Почти весь фильм мы видим Линча в мастерской: он красит, рисует, вырезает, строгает, отливает, с некоторым даже ожесточением, как старик, привыкший к работе. Рядом суетится, играет и помогает его маленькая дочка по имени Лула Богиня, которой посвящен фильм. Порой Линч садится отдохнуть на террасе под сенью голливудских пальм. Он непрерывно курит, иногда ежится, словно от несуществующего калифорнийского морозца, почти никогда не улыбается. Легко убедиться в том, что подозреваешь, смотря его фильмы: источником липкой неартикулируемой тревоги, что скрывается за кадром, является он сам. Когда-то мир перестал быть для него безопасным или хотя бы понятным местом, и ужас этого осознания Линч и пронес через свою жизнь и искусство. Этому, а не обстоятельствам творческого становления, посвящены его воспоминания о юности.
Идиллия Линча — в детстве и молодости, отлично запечатленных на пленку: игры с друзьями, скаутские галстуки, зеленые газоны — все залито солнечным светом. Затем съемки с первой женой, первая дочь, улыбка молодого отца. Но этих кадров хватает от силы на половину хронометража, остальное перекрывают картинами Линча. Что это за картины, все знают: аскетичные, жутковатые, написанные на сюрреалистические сюжеты, вызывающие нервный смех.
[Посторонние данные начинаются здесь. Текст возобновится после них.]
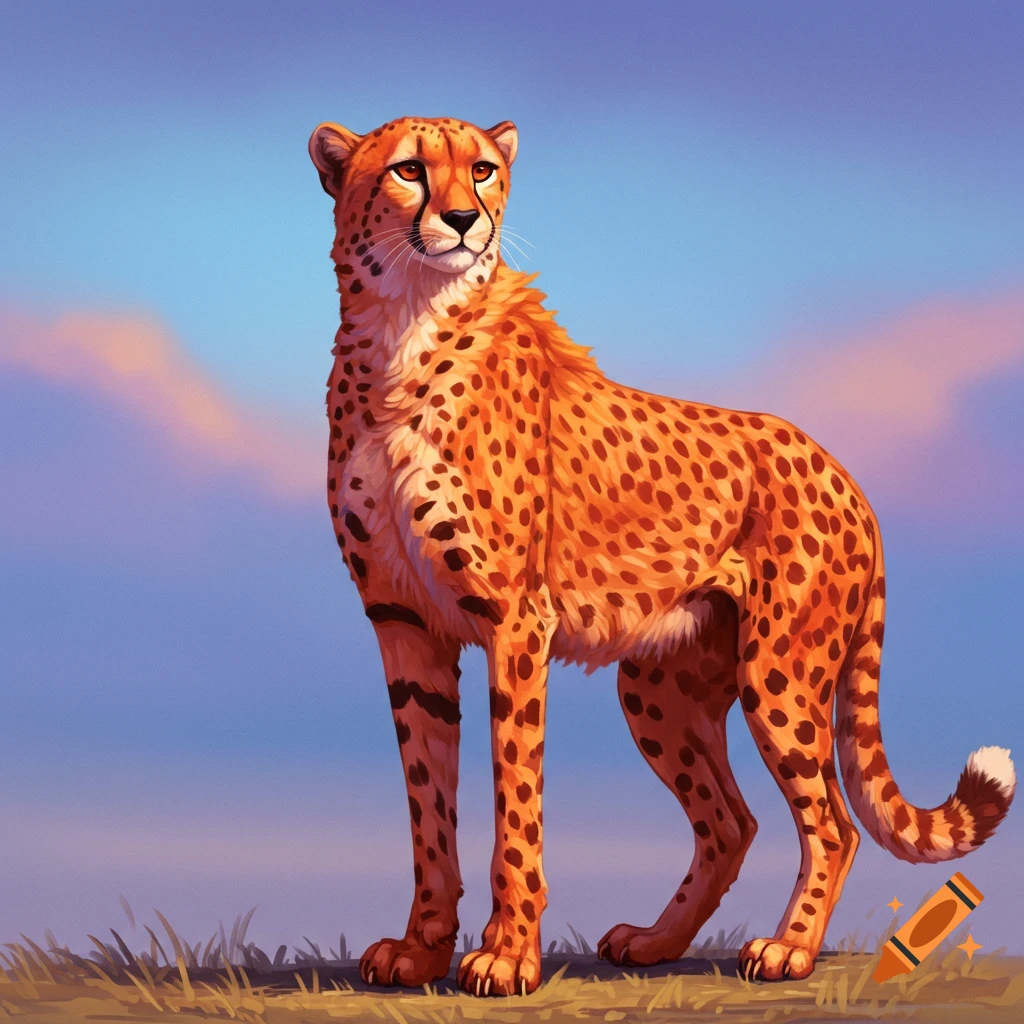 A cheetah standing on a grassy hill against a colorful sky.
Фильм сконструирован из хроники событий жизни и невысказанного, пугающего, что наполняет эту жизнь изнутри. Под конец светлые документальные кадры уравновешивают черно-белую шероховатую статику первых линчевских фильмов.
У самого режиссера есть разные версии того, когда зародилась его тревога. Может быть, из случая в раннем детстве: его с братом встретила на вечерней улице голая женщина, из рта которой шла кровь. Может, когда семья оставила родной дом и переехала в Вирджинию, а с приходом маленького Дэвида в новую школу разразился страшный ураган. Или когда он уходил по ночам из дома на пляж, чтобы выпить бутылочку в одиночестве. Так или иначе, рассказ о своей жизни Линч строит как рассказ о необъяснимом — нельзя сказать «о необъяснимых событиях», ведь иногда ничего не случается вовсе. Молодой художник Линч оказывается похож на художника из сэлинджеровского «Голубого периода де Домье-Смита», который однажды шел по улице счастливый, а за углом наткнулся на человека «без всяких признаков носа», в чем сразу же увидел глубокий смысл.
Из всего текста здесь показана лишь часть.